Lightning flashed outside the balcony windows, illuminating the outline of a rearing winged horse. Seconds later its hooves thudded down on the balcony doors, the glass shattering from their frames as they burst open. Buttercup trotted into the room and pawed the ground dramatically. ‘How do you always get here so fast?' Max wondered out loud, before grabbing a handful of mane and pulling himself up.

‘Don't go without me.' Liah put her foot on top of Max's and used it to scramble up behind him.

Max leaned forward, trying to ignore Liah's fingers digging into him. ‘There's a bad man I need you to find, Cuppy,' he said. ‘I don't want you to hurt him but I don't mind if you want to play with him a bit.'

The pegasus pawed the ground again before turning and launching itself off the balcony.

‘Hang on!' Max shouted to Liah as Buttercup swooped from the tower.

‘What are you going to say to him when we catch him?' Liah shouted in his ear.

Max didn't know. ‘I guess I'll find out when it happens.'

Chapter Sixteen

Cuppy circled the house until Max's dad burst out of the main entrance and ran towards the car, his speed hampered by the heaviness of the case he was carrying.

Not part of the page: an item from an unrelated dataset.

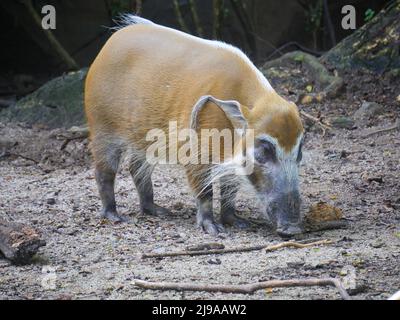 Red River hog : il porco rosso del fiume o maiale cespuglio, è un membro selvaggio della famiglia di suini che vive in Africa Foto Stock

Galloping through the air, the great horse's hooves were noiseless as he bore down on the desperate figure. As soon as Cuppy drew close enough, he dropped out of the sky like a stone. Baring his teeth, he grasped Greg's jacket, pulled him from the ground and started shaking him from side to side like a rag doll. The briefcase flew from his hands and hit a tree. Bursting open on impact, wads of notes spilled all over the ground. ‘My money!' screamed Greg.

Max shook his head in disbelief. His dad had just been picked up and shaken around by a flying horse and all he could think about was money?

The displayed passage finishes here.